The OPEC agreement took many commentators by surprise, who had expected that Iran’s unwillingness to cut its output would prevent any deal being reached. As it turned out, Iran agreed to freeze its output at current levels.

Although some doubted that the overall deal would stick, there was general confidence that it would do so. Markets responded with a huge surge in oil prices. The price of Brent crude rose from $46.48 per barrel on 29 November to $54.25 on 2 December, a rise of nearly 17% (click here for a PowerPoint of the chart)..

The deal represented a U-turn by Saudi Arabia, which had previously pursued the policy of not cutting output, so as to keep oil prices down and drive many shale oil producers out of business (see the blog, Will there be an oil price rebound?)
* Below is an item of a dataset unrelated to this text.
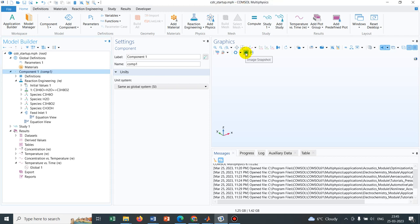Hello friends, welcome to Pioneer of Success. Today we are talking about chemical reactions. Chemical reactions as well as chemical reactors are important for chemical engineers as well as for chemists. So it is important to know how exactly we can model a particular chemical reaction that is happening in a particular chemical reactor.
But if oil prices persist above $54 for some time, many shale oil fields in the USA will become profitable again and some offshore oil fields too. At prices above $50, the supply of oil becomes relatively elastic, preventing prices from rising significantly. As The Observer article states:

It is more likely that a $60 cap will emerge as the Americans, who stand outside the 13-member OPEC grouping, unplug the spigots that have kept their shale oil fields from producing in the last year or two.

… The return to action of once-idle derricks on the Texas and Dakota plains is the result of efficiency savings that have seen large jobs losses and a more streamlined approach to drilling from the US industry, after the post-2014 price tumble rendered many operators unprofitable. Only a few years ago, many firms struggled to make a profit at $70 a barrel. Now they can be competitive at much lower prices, with many expecting $50 for West Texas Intermediate – a lighter crude that typically earns $5 a barrel less than Brent.
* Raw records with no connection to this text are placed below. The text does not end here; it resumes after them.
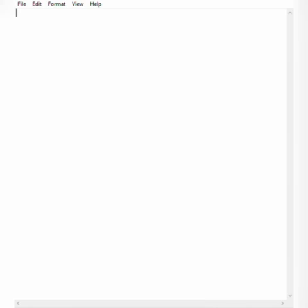Let's jump into the code. I'm assigning a variable n as 50245. Since we have the boundary condition of 10^3, there will be no overlapping between the last two and the first two numbers. Now let's get the last two numbers, that is 4 and 5.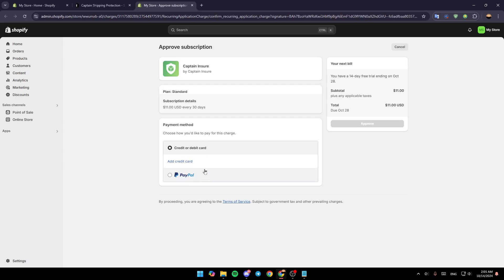Once added, just choose your payment method and then you can add your warranty. That's it for today's video — thank you guys for watching, see you guys in the next video.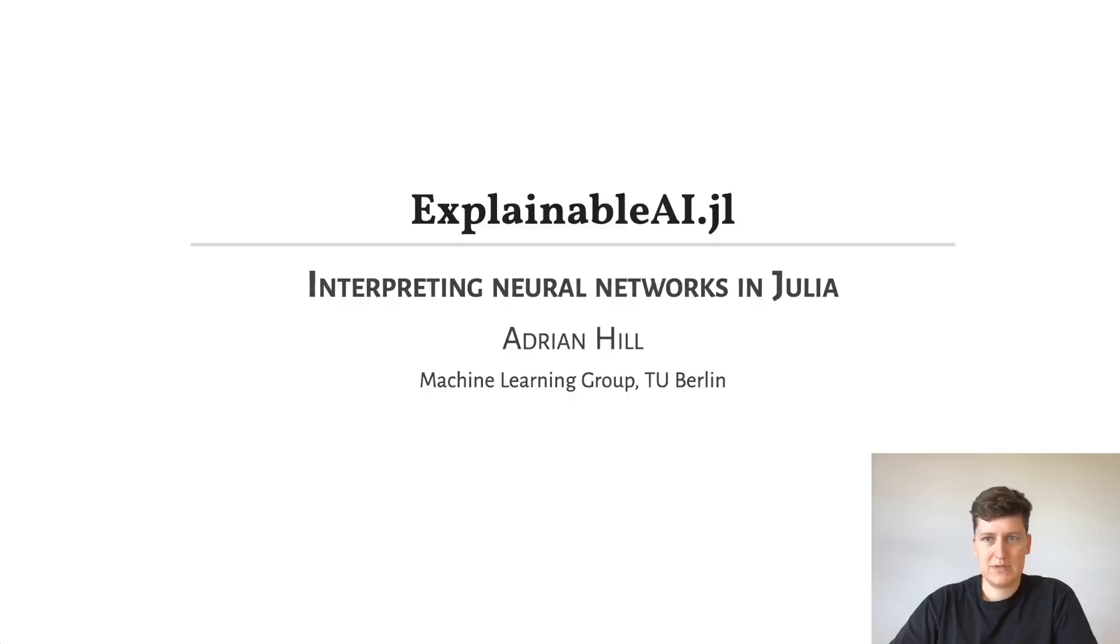Hello, my name is Adrian and today I'm going to present explainableai.jl to you, a package that aims to make black box classifiers such as neural networks more interpretable.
OPEC as a cartel is much weaker than it used to be. It produces only around 40% of global oil output. Cheating from its members and increased production from non-OPEC countries, let alone huge oil stocks after two years when production has massively exceeded consumption, are likely to combine to keep prices below $60 for the foreseeable future.

Webcasts

OPEC Cuts Daily Production by 1.2 Million Barrels MarketWatch, Sarah Kent (30/11/16)
How Putin, Khamenei and Saudi prince got OPEC deal done Reuters, Rania El Gamal, Parisa Hafezi and Dmitry Zhdannikov (2/12/16)
Fuel price fears as OPEC agrees to cut supply Sky News, Colin Smith (30/11/16)
OPEC Confounds Skeptics, Agrees to First Oil Cuts in 8 Years Bloomberg, Jamie Webster (30/11/16)
Game of oil: Behind the OPEC deal Aljazeera, Giacomo Luciani (3/12/16) (first 10½ minutes)
Russia won’t stick with its side of the OPEC cut bargain CNBC, Silvia Amaro (1/12/16)

Articles

Oil soars, Brent hits 16-month high after OPEC output deal Reuters, Devika Krishna Kumar (1/12/16)
OPEC reaches a deal to cut production The Economist (3/12/16)
Opec doesn’t hold all the cards, even after its oil price agreement The Observer, Phillip Inman (4/12/16)
Saudi Arabia discussed oil output cut with traders ahead of Opec Financial Times, David Sheppard and Anjli Raval (4/12/16)
The return of OPEC Reuters, Jason Bordoff (2/12/16)
‘Unfortunately, We Tend To Cheat,’ Ex-Saudi Oil Chief Says Of OPEC Forbes, Tim Daiss (4/12/16)
After OPEC – What’s Next For Oil Prices? OilPrice.com (2/12/16)
The OPEC Oil Deal Sells Fake News for Real Money Bloomberg, Leonid Bershidsky (1/12/16)

Data and information
Brent crude prices, daily US Energy Information Administration
OPEC home page Organization of the Petroleum Exporting Countries
OPEC 171st Meeting concludes OPEC Press Release (30/11/16)

Questions

  1. What determines the price elasticity of supply of oil at different prices?
  2. Why is the long-term demand for oil more elastic than the short-term demand?
  3. What determines the likelihood that the OPEC agreement will be honoured by its members?
  4. Is it in Russia’s interests to cut its production as part of the agreement?
  5. Are higher oil prices ‘good news’ for the global economy and a boost to economic growth – a claim made by Saudi Arabia?
  6. What role does oil storage play in determining the effect on the oil price of a cut in output?
  7. What are oil prices likely to be in five years’ time? Explain your reasoning.
  8. Is it in US producers’ interests to invest in new shale oil production? Explain.